The most damaging are investment scams ($66.4 million lost). Dating and romance scams were next ($37.2 million lost), followed by false billing ($18 million), threats to life or arrest ($11.5 million) and online shopping ($8.4 million).
Phishing – the fraudulent practice of sending emails pretending to be from reputable companies in order to induce a person to reveal personal information, such as passwords and credit card numbers – was again the most prevalent type of scam, but in much higher numbers than in 2019.

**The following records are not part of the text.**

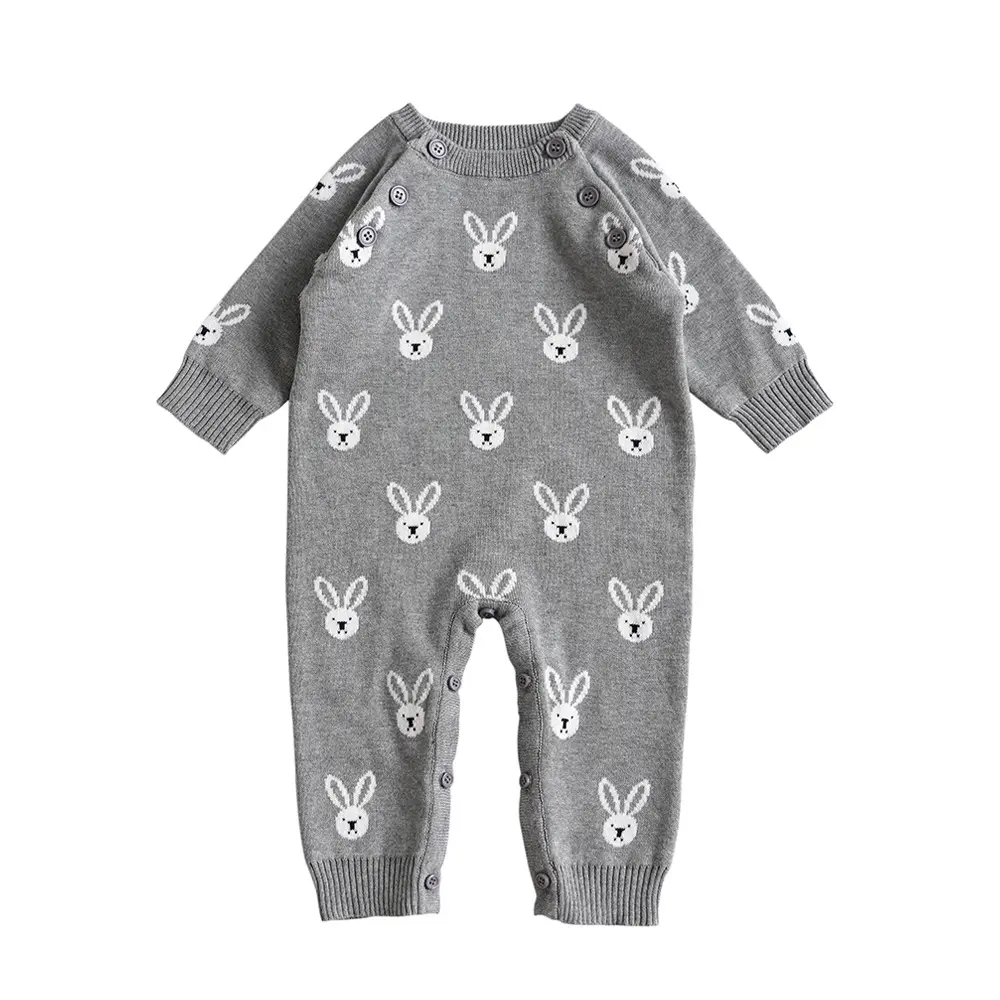 Baby clothing wholesale custom knitwear jumpsuits baby crawling clothes cartoon rabbit clothes baby sweaters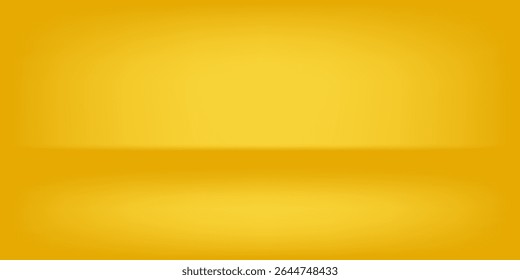 Studio backgrounds. yellow walls for photography space vector simple set with bright gradient spotlight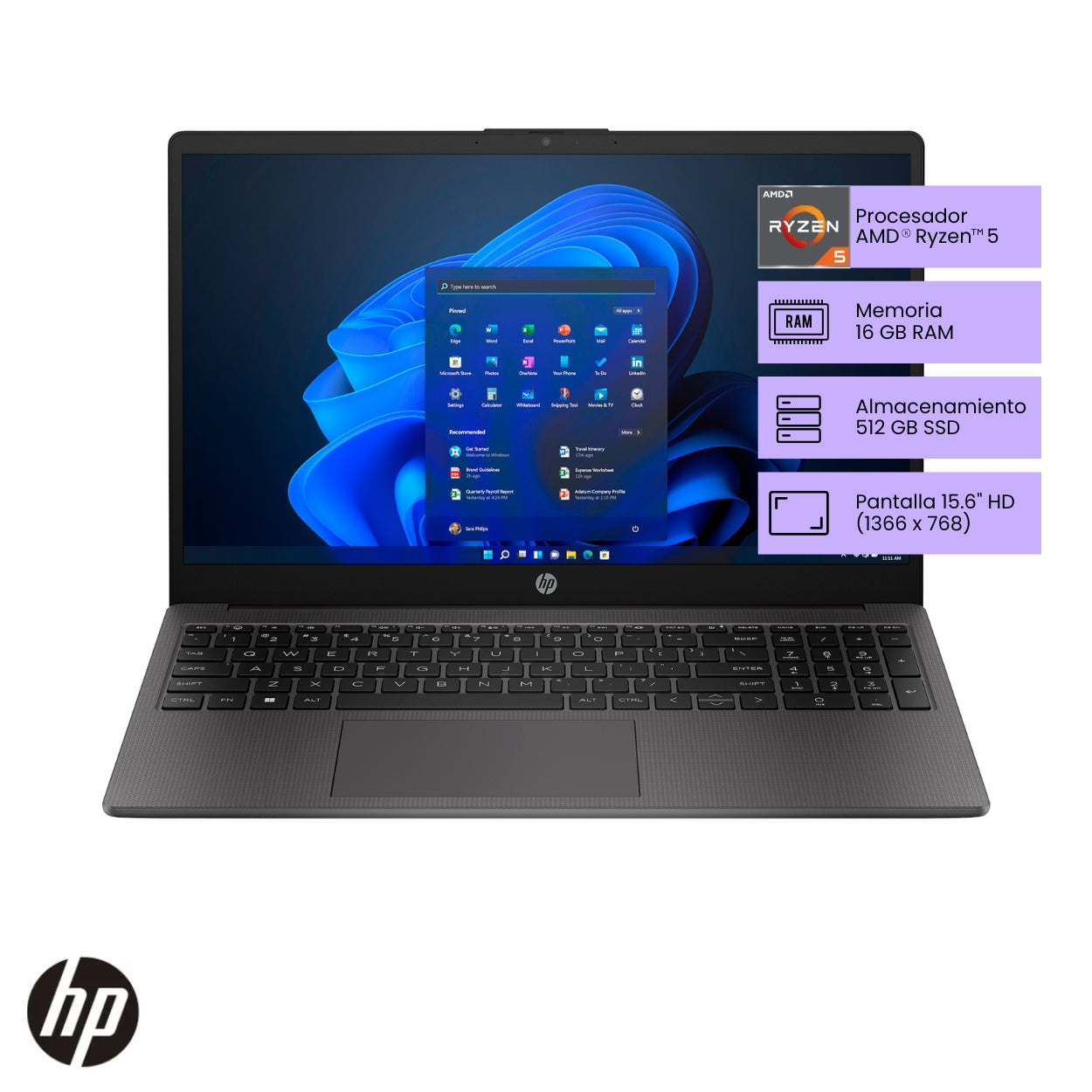 Laptop HP 255 G10 AMD Ryzen 5 7520U, 16GB RAM, 512GB SSD, Pantalla 15.6" HD, FreeDOS (BF9Z9AT)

Consumers reported a total of $48 million lost on illegitimate phone calls and $34 million via emails.
Particularly common scams are fraudsters pretending to be government agencies providing information on COVID-19 via text messages and emails.
A scam of choice was the distribution of unsolicited emails from fake government agencies offering to help with applications for financial assistance or payments for staying at home. The emails contained malicious links and attachments designed to steal personal or financial information.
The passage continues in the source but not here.